(Data):

=======

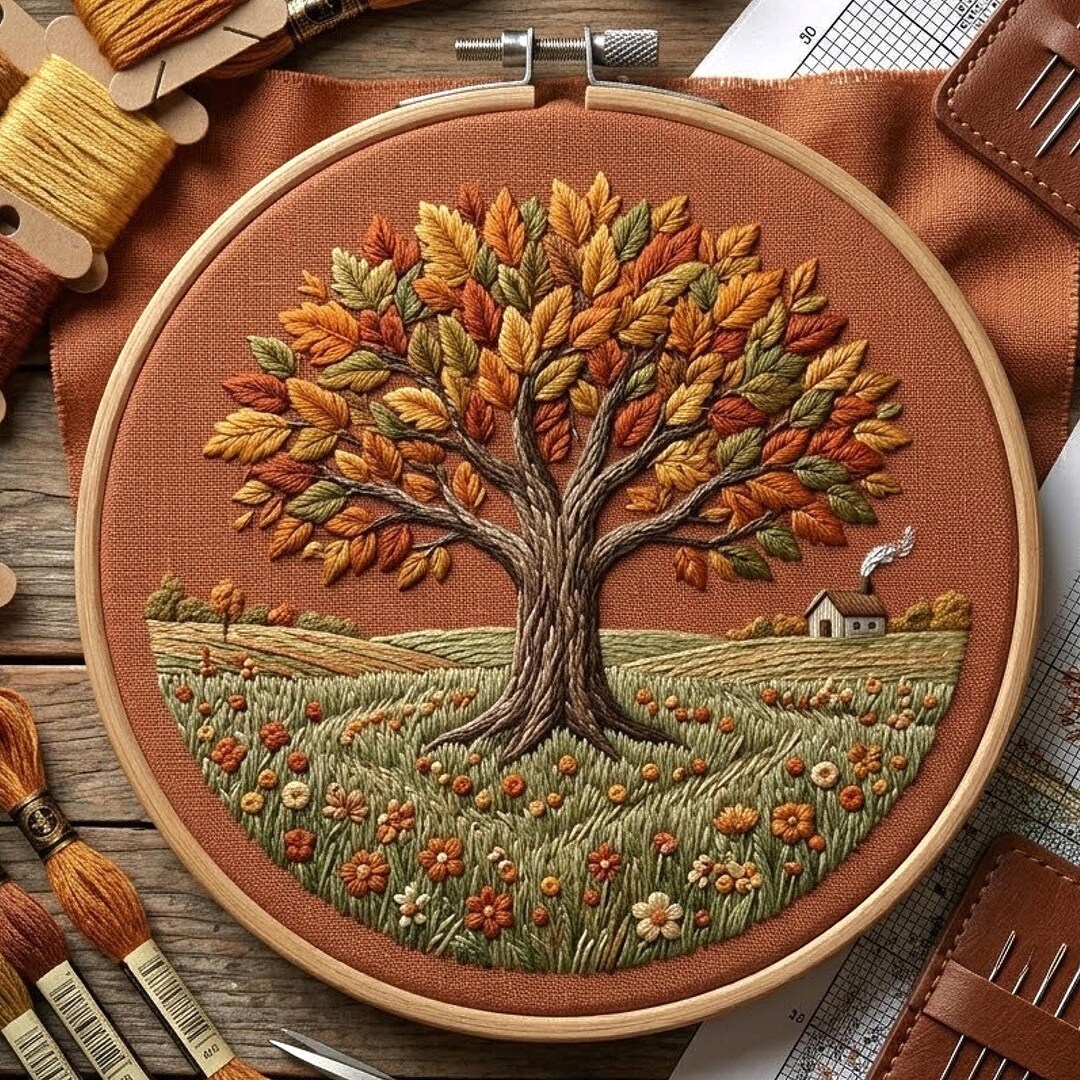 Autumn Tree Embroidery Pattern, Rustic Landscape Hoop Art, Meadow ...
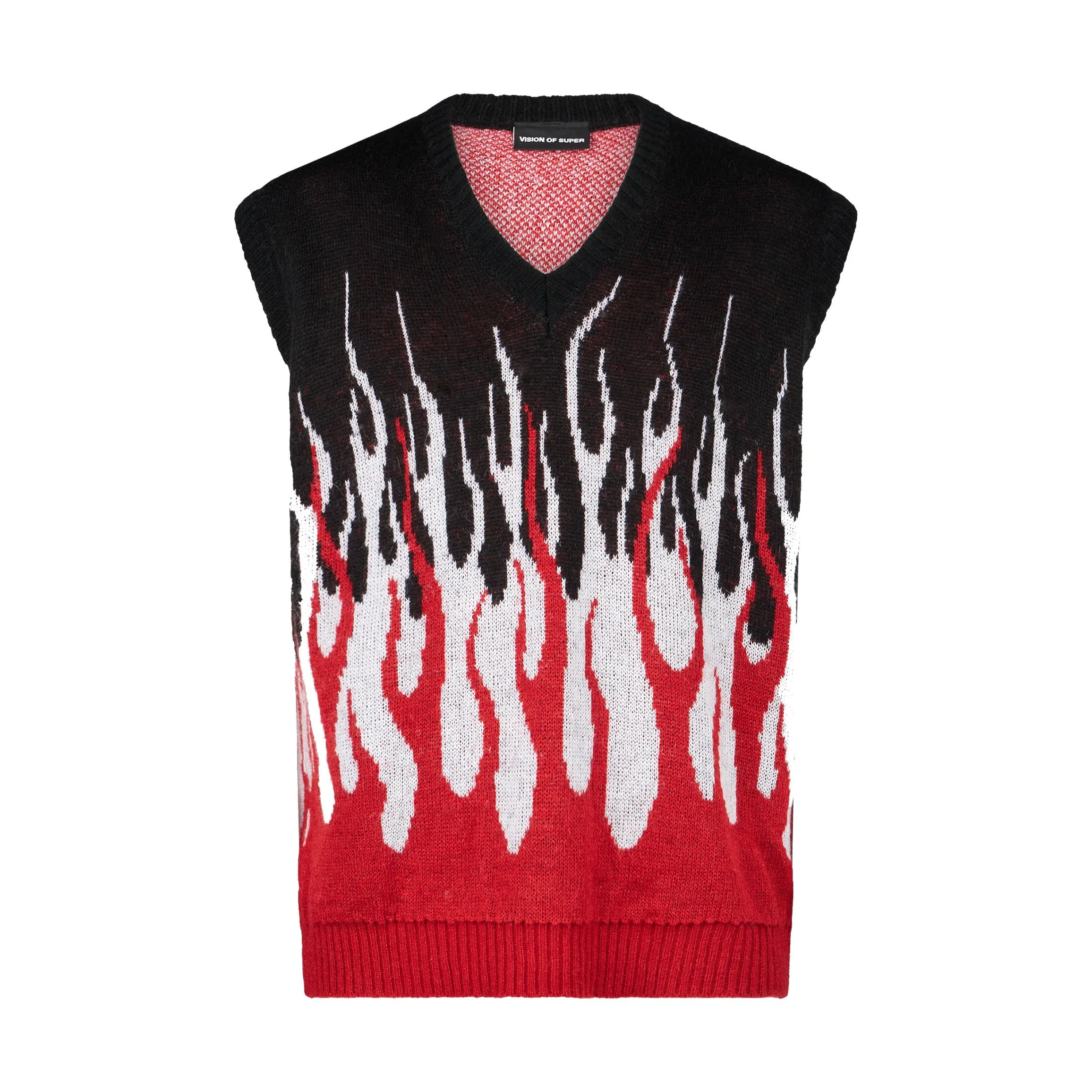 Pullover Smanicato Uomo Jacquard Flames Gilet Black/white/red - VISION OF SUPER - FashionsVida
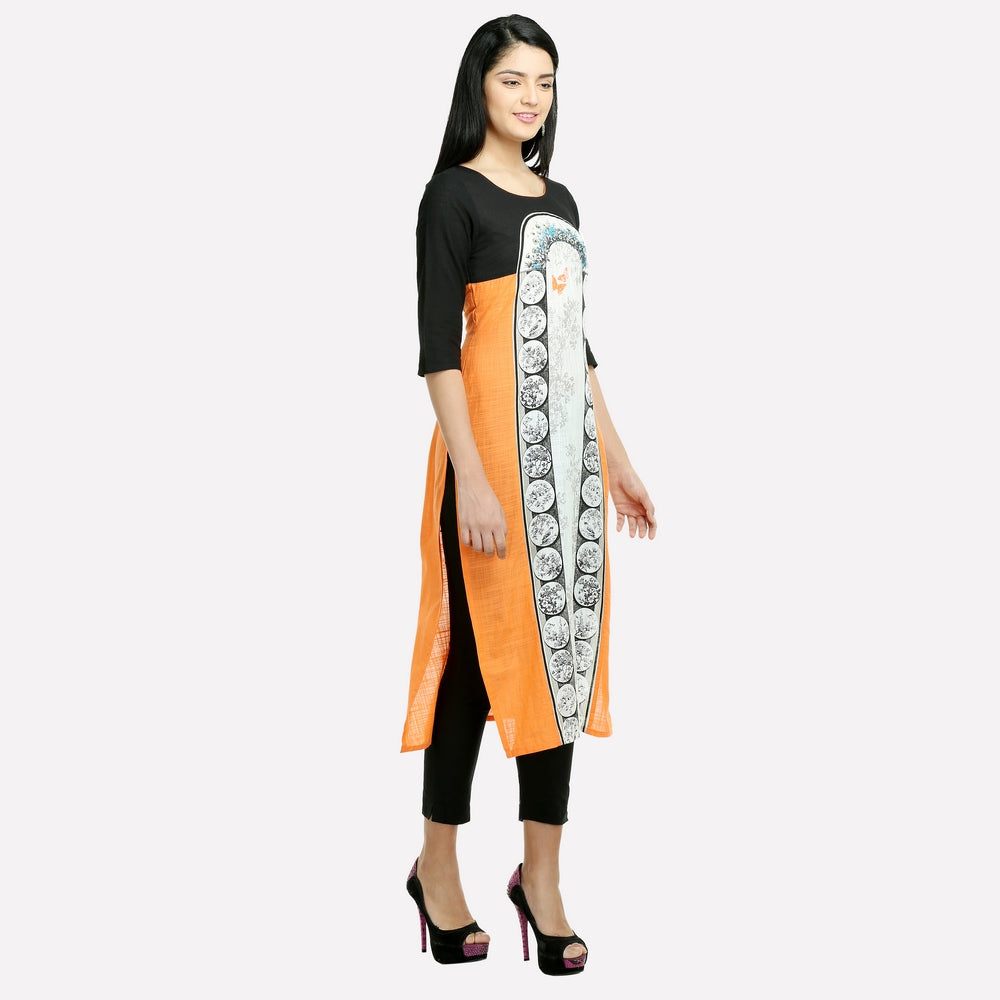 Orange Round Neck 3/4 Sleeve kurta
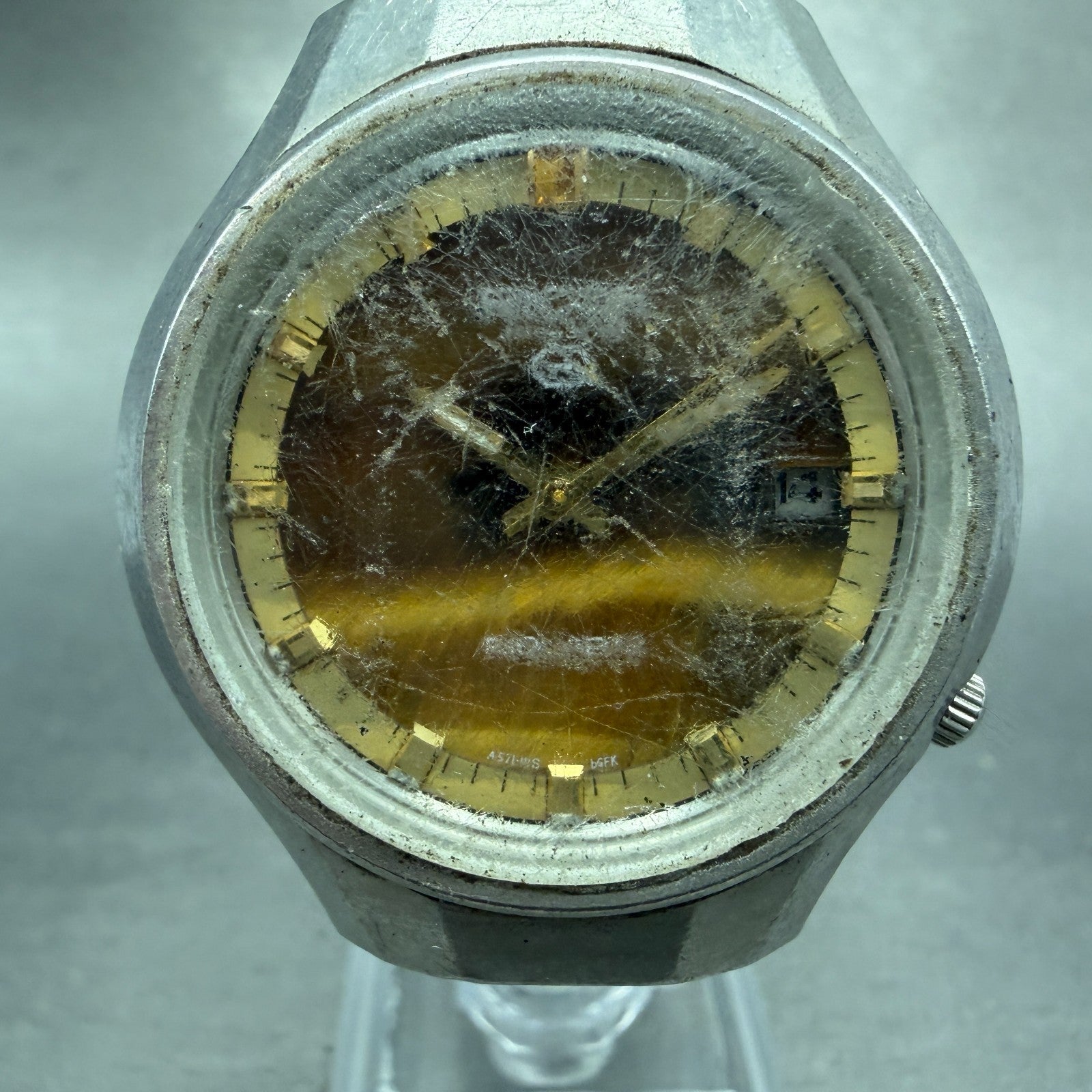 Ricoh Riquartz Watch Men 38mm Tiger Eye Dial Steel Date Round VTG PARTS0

=======

(Task goal): Produce a verbatim copy of the listing, leaving out all pictures.

(Completed task):
 Autumn Tree Embroidery Pattern, Rustic Landscape Hoop Art, Meadow ...
 Pullover Smanicato Uomo Jacquard Flames Gilet Black/white/red - VISION OF SUPER - FashionsVida
 Orange Round Neck 3/4 Sleeve kurta
 Ricoh Riquartz Watch Men 38mm Tiger Eye Dial Steel Date Round VTG PARTS0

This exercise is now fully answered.